The underlying problem that Bottomley is trying to solve is that efivarfs may not reflect the correct state of the EFI variables on the system after a resume operation. That's because some other OS could have been booted on the system after the suspend and changed some of the variables. So he was looking for a hook where he could add a resync operation that would run when the system is resumed. He had a solution, though it was kind of ugly, but he thought other filesystems might benefit from having some kind of API in order to give better guarantees about filesystem consistency across a suspend-resume cycle. As his proposal notes:

Hibernate is a particularly risky operation and resume may not work leading to a full reboot and filesystem inconsistencies. In many ways, a failed resume is exactly like a system crash, for which filesystems already make specific guarantees. However, it is a crash for which they could, if they had power management hooks, be forewarned and possibly make the filesystem cleaner for eventual full restore. Things like guaranteeing that uncommitted data would be preserved even if a resume failed, which isn't something we guarantee across a crash today.
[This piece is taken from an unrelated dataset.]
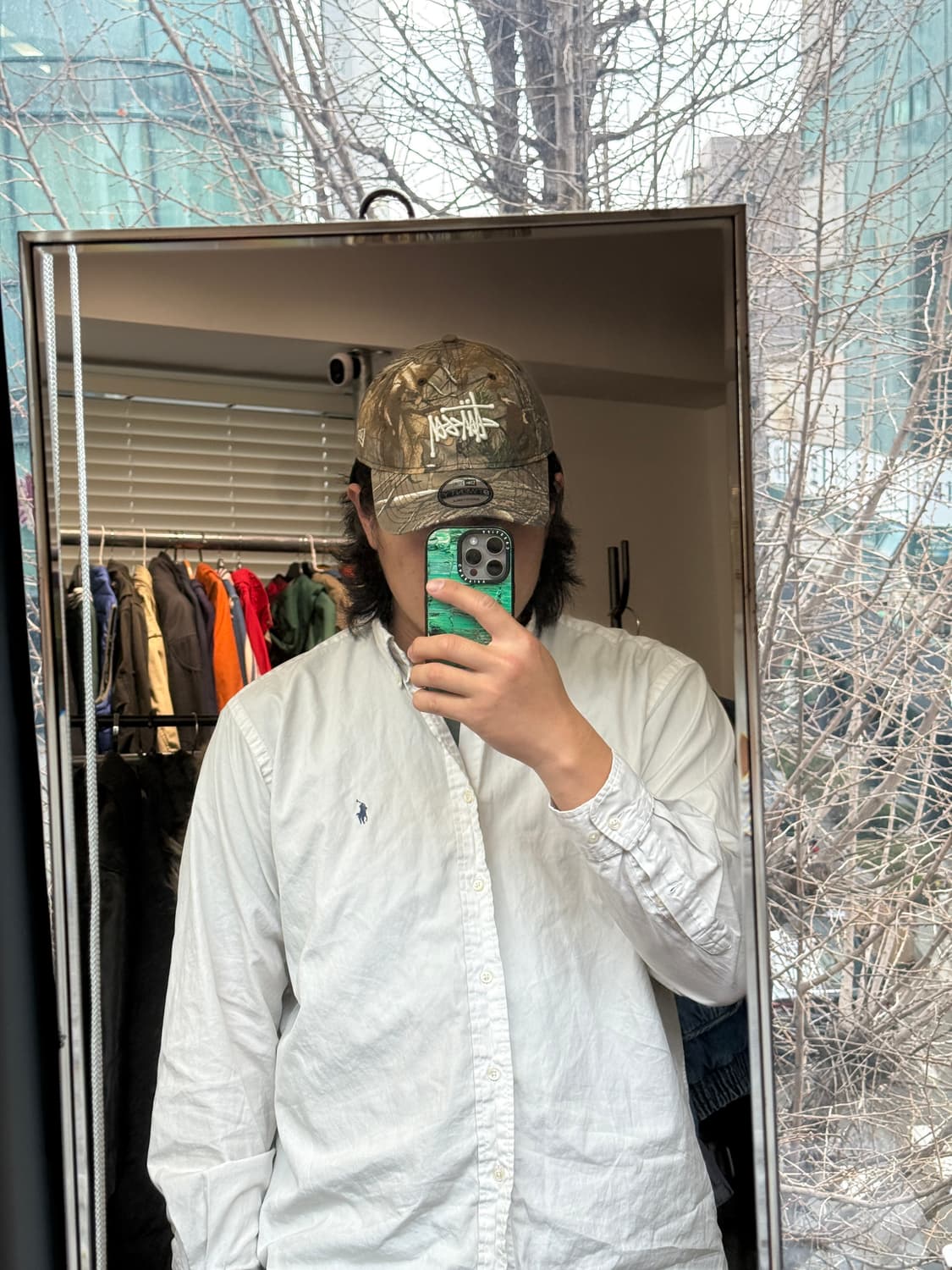 스투시 x 뉴에라 리얼트리 볼캡 상품이미지7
The API for freezing and thawing superblocks was believed to be the proper hooks to use, but that API is not called by suspend and resume, though many were under the impression that it was. In the proposal thread, Bottomley noted that there were several attempts to freeze filesystems when suspending, but they ran aground on deadlock problems of various sorts. Jan Kara described a problem for FUSE filesystems; user space needs to still be running or writes will block, so there are some ordering issues that need to be worked out.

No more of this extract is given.